The Tribunal was of the view that each of these requests raised a preliminary issue with respect to the Tribunal’s power or jurisdiction to grant any or all of these requests and decided to address them prior to issuing the review questionnaires. The Tribunal set out directions for the filing of submissions with respect to these matters in its notice of review. Subsequently, the Tribunal received submissions in support of certain of these requests from the Canadian Bicycle Manufacturers’ Association [2] (CBMA). The Tribunal received submissions in opposition to some or all of these requests from a number of parties, including The Canadian Association of Specialty Bicycle Importers, Specialized Bicycle Components of Canada, Inc., the Taiwan Bicycle Exporters’ Association, the Retail Council of Canada, Dynacraft Industries, Inc., Shun Lu Bicycle Company, British Steel Canada Inc., the Embassy of Brazil and the Embassy of Mexico.

POSITION OF PARTIES

The CBMA made submissions in respect of three of the four requests.

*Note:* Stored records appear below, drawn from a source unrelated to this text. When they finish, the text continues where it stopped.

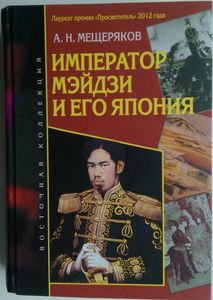 Император Мэйдзи и его Япония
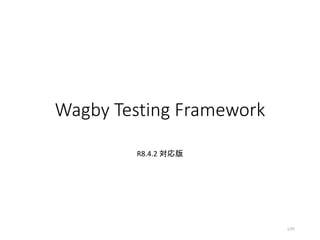 Wagby Testing Framework
R8.4.2 対応版
1/97
 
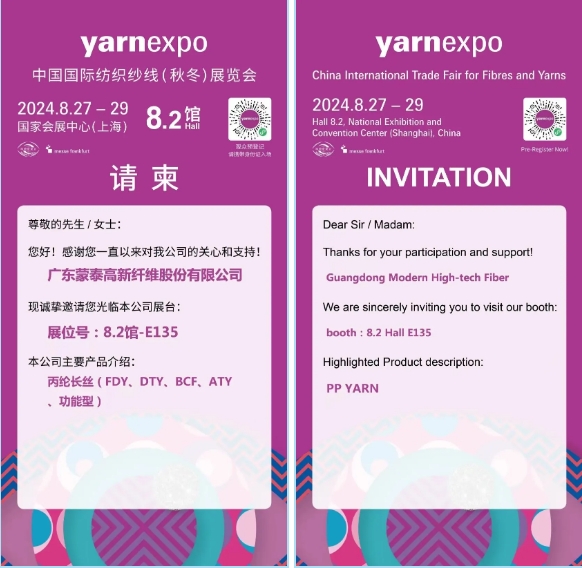 微信截图_20240814085131.jpg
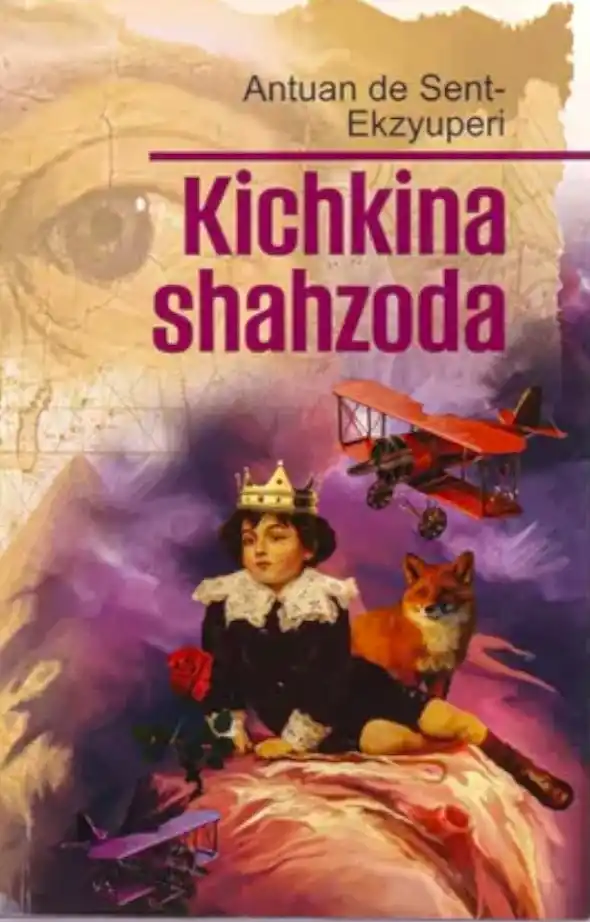 Кичкина шазода, Антуан де Сент-Экзюпери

It expressed no views with respect to frames imported from Mexico or Brazil. Counsel for the CBMA submitted that the wording of subsections 76(2) and (4) of the Special Import Measures Act [3] (SIMA) provides the Tribunal with wide jurisdiction as to the subject matter that it may consider in a review and as to the order that it may make as a result of such a proceeding.

Counsel for the CBMA submitted that this case could be distinguished from certain decisions [4] of the Anti-dumping Tribunal (the ADT) and the Canadian Import Tribunal (the CIT), in which the ADT and the CIT made explicit no injury findings with respect to goods that parties sought to have reconsidered in review proceedings. Counsel submitted that, contrary to these findings, the Tribunal’s finding of December 11, 1992, was not a finding of no injury. Rather, it was a finding described in section 3 of SIMA and, therefore, pursuant to the language of subsection 76(2) of SIMA, the Tribunal could review its finding and, by necessary implication, any aspect of it, including the scope of the finding and the exclusion set out in it.

Counsel for the CBMA submitted that the Tribunal’s power under subsection 76(2) of SIMA to rehear “any matter” and under subsection 76(4) to amend a finding after a review “as the circumstances require” allows it to vary the scope of an order or finding by widening or narrowing it. Counsel submitted that the Tribunal does not have to make a formal finding of no injury in order to grant an exclusion and that the granting of an exclusion is something within the Tribunal’s discretion under subsection 43(1) of SIMA. [5] Furthermore, counsel submitted that, when the conditions which justify an exclusion cease, the Tribunal should be able to remove the exclusion, either partially or totally, without the necessity of a new inquiry.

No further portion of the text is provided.